Patients Harmed By The Heartburn Drug Propulsid. Johnson & Johnson’s Janssen Pharmaceutical division said yesterday it agreed to a $90 million settlement to resolve federal litigation involving thousands of patients harmed by the company’s heartburn drug Propulsid.
The litigation involves 4,000 individuals, including 300 who allegedly died as a result of using the medicine.
Under the terms of the deal, 85 percent of the death claims and 75 percent of the remaining plaintiffs agreed to the terms, according to a joint statement released by the company and a lead attorney for the plaintiffs.
In addition, 12,000 people who have filed claims but have not sued also must agree to terms of the settlement before it becomes effective.
Johnson & Johnson will pay a minimum of $69.5 million and a maximum of $90 million depending on the number of plaintiffs who participate in the settlement.
“It does appear that this would be a significant piece of the plaintiffs,” CIBC World Markets analyst Mara Goldstein said. “Anything that any company can do to limit their liability by entering into broad class settlements are generally positive.”
The agreement requires the plaintiffs to submit medical records to a court appointed medical panel. The panel will determine whether injuries described in individual claims were caused by the drug.
Propulsid was approved in 1993 as a treatment for people with gastroesophagel reflux disease who did not respond to other treatments.
Seven years later, Janssen withdrew the drug from the market after it was blamed for causing a range of conditions, from irregular heartbeats to sudden death. By then, more than 30 million prescriptions had been written for the drug in the United States.
As part of the proposed settlement, Johnson & Johnson said it also will pay $15 million for an administrative fund and up to $22.5 million for legal fees to the plaintiffs steering committee.
Neither Johnson & Johnson nor Russ Herman, lead attorney for the plaintiffs steering committee, would answer questions about negotiations or the proposed settlement. “We’re just not able to go beyond the joint statement,” company spokesman Jeffrey Leebaw said.

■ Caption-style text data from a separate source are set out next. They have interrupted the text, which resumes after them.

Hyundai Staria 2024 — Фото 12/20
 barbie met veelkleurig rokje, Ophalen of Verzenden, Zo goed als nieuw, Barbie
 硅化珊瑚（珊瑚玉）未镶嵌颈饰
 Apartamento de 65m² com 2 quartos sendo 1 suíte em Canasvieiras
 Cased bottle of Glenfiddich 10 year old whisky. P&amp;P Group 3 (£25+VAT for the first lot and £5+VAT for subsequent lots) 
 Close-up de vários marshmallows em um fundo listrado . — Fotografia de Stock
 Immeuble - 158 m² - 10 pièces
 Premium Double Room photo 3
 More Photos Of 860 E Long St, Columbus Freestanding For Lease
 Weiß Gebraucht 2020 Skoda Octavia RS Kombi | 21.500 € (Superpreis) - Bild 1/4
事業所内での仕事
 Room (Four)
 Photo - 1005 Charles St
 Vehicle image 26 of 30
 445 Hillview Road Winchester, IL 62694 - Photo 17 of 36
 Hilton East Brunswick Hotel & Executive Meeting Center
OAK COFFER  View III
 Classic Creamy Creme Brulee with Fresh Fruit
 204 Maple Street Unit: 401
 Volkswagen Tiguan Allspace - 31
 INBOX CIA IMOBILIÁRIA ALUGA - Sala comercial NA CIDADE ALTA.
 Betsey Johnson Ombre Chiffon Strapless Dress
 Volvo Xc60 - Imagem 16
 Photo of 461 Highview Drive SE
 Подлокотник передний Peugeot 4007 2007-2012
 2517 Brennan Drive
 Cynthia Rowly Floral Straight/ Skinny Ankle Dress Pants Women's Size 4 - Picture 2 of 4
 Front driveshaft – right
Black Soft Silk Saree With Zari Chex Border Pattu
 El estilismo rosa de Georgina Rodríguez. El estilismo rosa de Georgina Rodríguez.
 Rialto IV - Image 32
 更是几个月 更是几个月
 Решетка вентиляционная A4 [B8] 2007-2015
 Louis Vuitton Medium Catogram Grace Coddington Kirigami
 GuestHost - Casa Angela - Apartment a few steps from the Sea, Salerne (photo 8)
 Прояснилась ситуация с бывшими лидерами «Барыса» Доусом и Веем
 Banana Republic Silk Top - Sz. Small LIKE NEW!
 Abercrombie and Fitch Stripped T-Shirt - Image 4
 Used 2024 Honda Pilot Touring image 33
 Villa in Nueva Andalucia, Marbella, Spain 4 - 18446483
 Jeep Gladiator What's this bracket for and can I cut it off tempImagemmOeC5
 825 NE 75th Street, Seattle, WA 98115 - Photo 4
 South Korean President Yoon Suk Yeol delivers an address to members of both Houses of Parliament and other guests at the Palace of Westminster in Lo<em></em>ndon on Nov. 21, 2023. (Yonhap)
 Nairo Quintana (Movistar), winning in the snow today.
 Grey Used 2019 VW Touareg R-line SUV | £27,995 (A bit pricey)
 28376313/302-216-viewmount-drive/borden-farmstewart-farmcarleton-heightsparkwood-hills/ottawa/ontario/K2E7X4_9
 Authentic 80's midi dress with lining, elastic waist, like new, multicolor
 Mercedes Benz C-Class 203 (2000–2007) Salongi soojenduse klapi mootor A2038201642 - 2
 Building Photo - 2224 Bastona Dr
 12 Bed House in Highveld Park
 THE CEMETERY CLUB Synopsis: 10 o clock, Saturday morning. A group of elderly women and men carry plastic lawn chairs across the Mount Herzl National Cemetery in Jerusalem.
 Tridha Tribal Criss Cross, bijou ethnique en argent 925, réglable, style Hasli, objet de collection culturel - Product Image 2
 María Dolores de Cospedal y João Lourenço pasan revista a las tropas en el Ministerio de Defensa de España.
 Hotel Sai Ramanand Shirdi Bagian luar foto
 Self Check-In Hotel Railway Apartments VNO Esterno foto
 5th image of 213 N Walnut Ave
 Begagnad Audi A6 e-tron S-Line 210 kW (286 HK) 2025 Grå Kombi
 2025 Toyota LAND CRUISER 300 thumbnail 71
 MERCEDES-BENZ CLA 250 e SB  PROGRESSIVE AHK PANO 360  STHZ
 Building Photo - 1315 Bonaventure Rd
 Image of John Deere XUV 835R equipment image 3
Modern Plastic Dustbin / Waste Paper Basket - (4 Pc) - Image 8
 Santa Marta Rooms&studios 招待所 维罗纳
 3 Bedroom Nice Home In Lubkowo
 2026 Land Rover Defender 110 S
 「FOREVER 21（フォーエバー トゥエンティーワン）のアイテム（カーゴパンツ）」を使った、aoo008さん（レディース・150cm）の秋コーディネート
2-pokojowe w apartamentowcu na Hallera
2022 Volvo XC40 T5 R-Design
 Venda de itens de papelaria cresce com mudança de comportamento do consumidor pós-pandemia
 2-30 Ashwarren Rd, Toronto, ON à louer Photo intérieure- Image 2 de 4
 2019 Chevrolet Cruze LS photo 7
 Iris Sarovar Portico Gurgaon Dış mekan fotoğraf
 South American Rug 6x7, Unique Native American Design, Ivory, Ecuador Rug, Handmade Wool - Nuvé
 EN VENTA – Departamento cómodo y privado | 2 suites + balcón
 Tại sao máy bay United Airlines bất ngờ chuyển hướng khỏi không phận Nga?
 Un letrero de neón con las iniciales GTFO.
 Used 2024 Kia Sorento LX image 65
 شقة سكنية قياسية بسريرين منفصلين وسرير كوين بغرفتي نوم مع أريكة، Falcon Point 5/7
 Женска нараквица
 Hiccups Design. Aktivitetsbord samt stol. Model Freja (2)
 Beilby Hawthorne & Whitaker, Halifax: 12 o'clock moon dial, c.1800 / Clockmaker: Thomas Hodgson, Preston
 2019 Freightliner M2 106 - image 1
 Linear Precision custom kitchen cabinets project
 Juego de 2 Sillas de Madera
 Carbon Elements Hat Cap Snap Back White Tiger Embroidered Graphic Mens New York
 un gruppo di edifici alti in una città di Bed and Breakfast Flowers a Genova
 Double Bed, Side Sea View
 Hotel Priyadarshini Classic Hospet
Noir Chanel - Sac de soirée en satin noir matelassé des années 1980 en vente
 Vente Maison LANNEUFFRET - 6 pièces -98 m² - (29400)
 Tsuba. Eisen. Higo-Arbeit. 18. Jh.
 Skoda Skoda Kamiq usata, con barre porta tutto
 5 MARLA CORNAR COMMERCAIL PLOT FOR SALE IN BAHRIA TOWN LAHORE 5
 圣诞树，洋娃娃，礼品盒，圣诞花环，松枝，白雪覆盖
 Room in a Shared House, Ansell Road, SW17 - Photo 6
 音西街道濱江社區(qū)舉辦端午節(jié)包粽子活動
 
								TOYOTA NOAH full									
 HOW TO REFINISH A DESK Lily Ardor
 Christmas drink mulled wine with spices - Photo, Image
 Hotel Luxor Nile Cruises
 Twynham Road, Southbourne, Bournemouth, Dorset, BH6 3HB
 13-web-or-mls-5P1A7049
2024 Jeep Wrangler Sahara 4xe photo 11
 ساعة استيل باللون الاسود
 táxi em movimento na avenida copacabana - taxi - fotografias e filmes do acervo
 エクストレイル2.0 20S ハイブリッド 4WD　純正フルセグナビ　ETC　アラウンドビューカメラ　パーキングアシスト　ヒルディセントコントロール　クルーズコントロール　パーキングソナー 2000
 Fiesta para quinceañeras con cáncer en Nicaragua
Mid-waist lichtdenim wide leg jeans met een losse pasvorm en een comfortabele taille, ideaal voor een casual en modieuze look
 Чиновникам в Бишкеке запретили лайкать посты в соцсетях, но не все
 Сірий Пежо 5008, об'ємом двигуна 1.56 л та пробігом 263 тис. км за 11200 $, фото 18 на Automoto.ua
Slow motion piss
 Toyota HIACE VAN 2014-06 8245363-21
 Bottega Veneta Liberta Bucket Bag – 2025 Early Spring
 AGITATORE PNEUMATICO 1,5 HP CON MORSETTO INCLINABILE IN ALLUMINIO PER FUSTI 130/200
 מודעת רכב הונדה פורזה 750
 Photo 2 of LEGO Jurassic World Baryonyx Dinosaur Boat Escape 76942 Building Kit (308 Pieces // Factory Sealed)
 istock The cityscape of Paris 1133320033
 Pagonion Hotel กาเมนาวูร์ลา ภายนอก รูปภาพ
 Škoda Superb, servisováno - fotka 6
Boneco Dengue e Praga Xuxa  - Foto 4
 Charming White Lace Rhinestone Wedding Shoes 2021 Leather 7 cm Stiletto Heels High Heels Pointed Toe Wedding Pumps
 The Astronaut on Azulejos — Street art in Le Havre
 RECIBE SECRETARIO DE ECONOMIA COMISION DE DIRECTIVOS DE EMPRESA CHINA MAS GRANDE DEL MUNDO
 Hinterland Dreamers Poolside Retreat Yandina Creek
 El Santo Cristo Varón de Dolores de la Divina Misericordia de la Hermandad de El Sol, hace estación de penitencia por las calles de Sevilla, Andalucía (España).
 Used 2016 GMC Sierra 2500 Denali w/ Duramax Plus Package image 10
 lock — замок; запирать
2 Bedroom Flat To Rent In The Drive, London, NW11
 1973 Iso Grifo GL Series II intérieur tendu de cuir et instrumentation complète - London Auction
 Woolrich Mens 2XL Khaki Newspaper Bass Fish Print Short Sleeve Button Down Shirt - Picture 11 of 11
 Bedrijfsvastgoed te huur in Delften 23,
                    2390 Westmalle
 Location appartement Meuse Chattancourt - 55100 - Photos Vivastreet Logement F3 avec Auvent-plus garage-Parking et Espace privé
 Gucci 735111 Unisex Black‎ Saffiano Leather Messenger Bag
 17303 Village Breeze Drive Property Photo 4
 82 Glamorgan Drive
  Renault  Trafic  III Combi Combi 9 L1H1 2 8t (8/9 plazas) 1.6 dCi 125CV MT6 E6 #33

The steering committee plans to meet with all attorneys representing plaintiffs during a closed question-and-answer meeting next week in Florida. The steering committee has 180 days to enroll the minimum number of plaintiffs for the agreement.
Johnson & Johnson is attempting to reverse a jury verdict awarded as part of a separate group of lawsuits in Mississippi over Propulsid. In that case, a jury awarded $100 million in damages to 10 people in 2001. The verdict was later reduced to $48 million.